How to Become an Oncology Nurse

Our comprehensive guide will cover questions like the below:

  1. What kind of nurses work with cancer patients?
  2. What does an oncology nurse do?
  3. How much do oncology nurses make?
  4. How many hours do oncology nurses work?
  5. How many years does it take to be an oncology nurse?
  6. What education is needed to become an oncology nurse?
  7. What are oncology nurse certification requirements?
  8. What are some oncology nurse benefits?

What Is an Oncology Nurse?

Oncology Nurse Definition

Oncology nurses care for patients who are diagnosed with cancer. In addition to caring for patients, oncology nurses also provide counseling support to their patients’ families and caregivers.

Oncology nurses can make a real difference in the lives of others. It is an admirable career path that offers learning experiences, monetary rewards, and professional growth. Throughout their careers, oncology nurses can develop meaningful relationships with their patients and other members of the oncology medical team.

Oncology Nurse Job Description

What Does an Oncology Nurse Do?

The duties of an oncology nurse may depend on their level of education and training. Some oncology nurses are registered nurses (RNs), while others are advanced practice registered nurses (APRNs). Oncology nurses who have earned APRN status are referred to as oncology nurse practitioners.
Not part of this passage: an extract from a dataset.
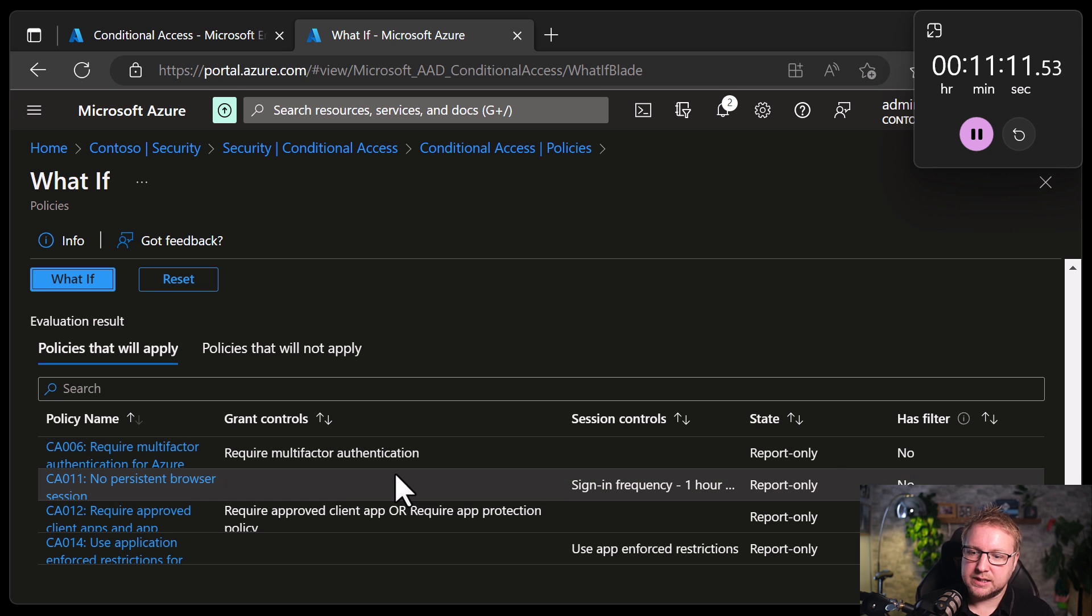Those are now in place in report only. We can see the effect of those by going through these policies and seeing the what if. Once you're happy with the concept, enable it in on mode. See what happens. Eleven minutes. Eleven and a half minutes. And we've done what used to be days of work. I think that's pretty good. See you next time. Bye.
Oncology nursing responsibilities revolve around caring for their patients, families, and communities. According to nurse.org, the role of the oncology nurse has grown to include various elements of care, such as:

  • Cancer education and prevention
  • Cancer screening
  • Nurse navigation
  • Nursing management
  • Research
  • Direct patient care

In addition, there are many focus areas under the oncology umbrella, including:

  • Hematology
  • Bone marrow transplantation
  • Immunotherapy
  • Breast Oncology
  • Gynecologic oncology
  • Genetic counseling
  • Radiation oncology
  • Surgical oncology
  • Chemotherapy/infusion

Oncology Nurse Skills

What Makes a Good Oncology Nurse?

What Makes a Good Oncology Nurse

Soft skills are important for all healthcare professionals. However, in the field of oncology, those skills are vital.

According to the U.S. Bureau of Labor Statistics (BLS), some oncology nurse qualifications include:

  • Critical-thinking skills, as nurses must assess changes in their patients. For instance, they need to know when it’s best to take corrective action, and when to make referrals.
  • Communication skills, as it’s critical that oncology nurses communicate effectively.
  • Compassion, as it’s best to have empathy for the people they heal.
  • Emotional stability, as dealing with sick and injured people can be stressful.
  • Physical stamina, as nurses need to be comfortable performing physical tasks, such as moving patients or being on their feet.
  • Being detail-oriented, as oncology nurses help ensure that patients receive the correct care at the right time.

Oncology Nurse Requirements

What are the Oncology Nurse Education Requirements?

In the U.S., there are several paths you can take to become an oncology nurse. At a minimum, you must be a registered nurse with either an Associate Degree in Nursing (ADN) or a Bachelor of Science in Nursing (BSN) degree.

Some may choose to further their oncology nurse education by pursuing a Master of Science in Nursing (MSN) degree.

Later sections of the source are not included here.